EDIT: Never mind, I found $h(z) = 16 z^3 (2 - 3z)$. Obviously it has a triple zero at $z = 0$ and a simple zero at $z = 3/2$. Then $h(z) - 1 = - (1 - 2z)^2 (1 + 4z + 12z^2)$, which has a double zero at $z = 1/2$ and two simple zeros at two complex conjugate points.
 A: Since you've already figured out the answer, let me just give a nice reference for the study of dessins d'enfants that are trees.
Also, note that only in the case where the dessin is a tree can we assume that the associated Belyi map is a polynomial. (These are called Shabat polynomials.) When the dessin is a tree, there is only one point above $\infty$ which thus must be totally ramified. By assuming that the map is a polynomial, we are insisting that this point is $\infty$, so $\infty \mapsto \infty$. (For dessins that are not acyclic, for instance the one found here, we can't assume the associated map is a polynomial.)
Bétréma, Péré, and Zvonkin have computed a catalogue of all Belyi maps corresponding to plane trees with at most 8 edges, which is available here.
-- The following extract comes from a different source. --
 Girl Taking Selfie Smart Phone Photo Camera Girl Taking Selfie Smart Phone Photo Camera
On this page they give the answer $z^3(1-z)$, which when normalized so that the point with ramification index $2$ lies above $1$, yields $h(z) = \frac{256}{27}z^3(1-z)$.
We could also normalize as in the other answer. As I pointed out in this comment, the polynomial $x^4 - b x^3 - 1$ has discriminant $-27 b^4 - 256$. Taking $b$ to be a root of the discriminant, so $b = \sqrt[4]{-256/27}$, then $h(z) = z^3(z-b)$ would also work.
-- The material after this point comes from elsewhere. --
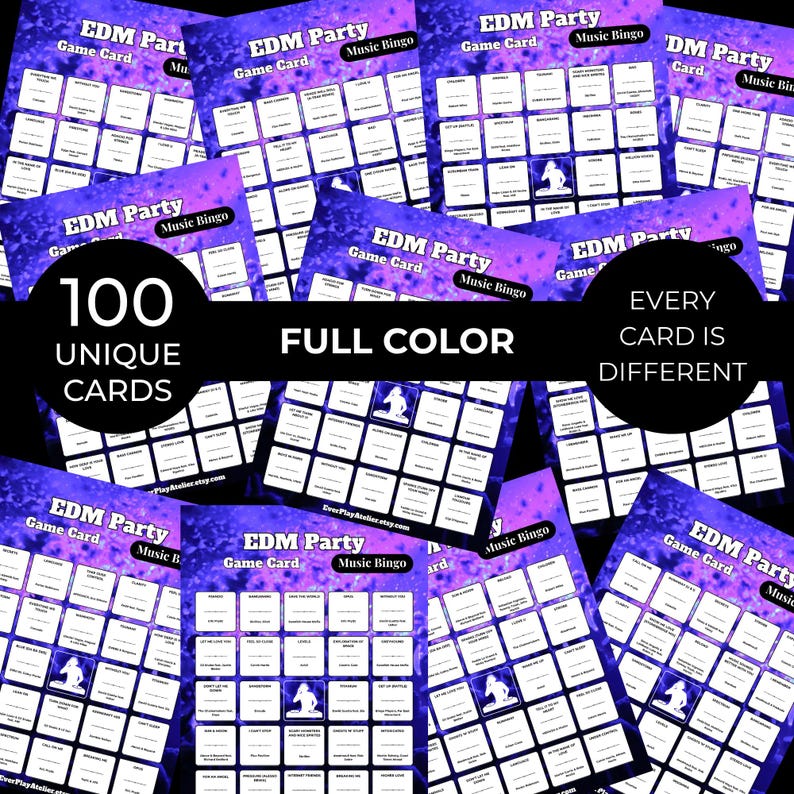 Op de afbeelding: Een verzameling EDM Party Music Bingo-spelkaarten. Elke kaart heeft een raster van vakjes met muziekgerelateerde termen en een silhouet van een dansende persoon. De kaarten zijn full color en elke kaart is anders. De tekst op de kaarten luidt "100 unieke kaarten".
A: I don't think there is such a polynomial. You can assume $k=1$ and $a=0$. Then asking Wolfram Alpha to solve
$$
x^4 -bx^3 -1
$$
produces complicated expressions that look all distinct. You could probably prove they are.
https://www.wolframalpha.com/input/?i=solve+x%5E4+-ax%5E3+-1
That suggests you started down a dead end path in your search for a holomorphic function.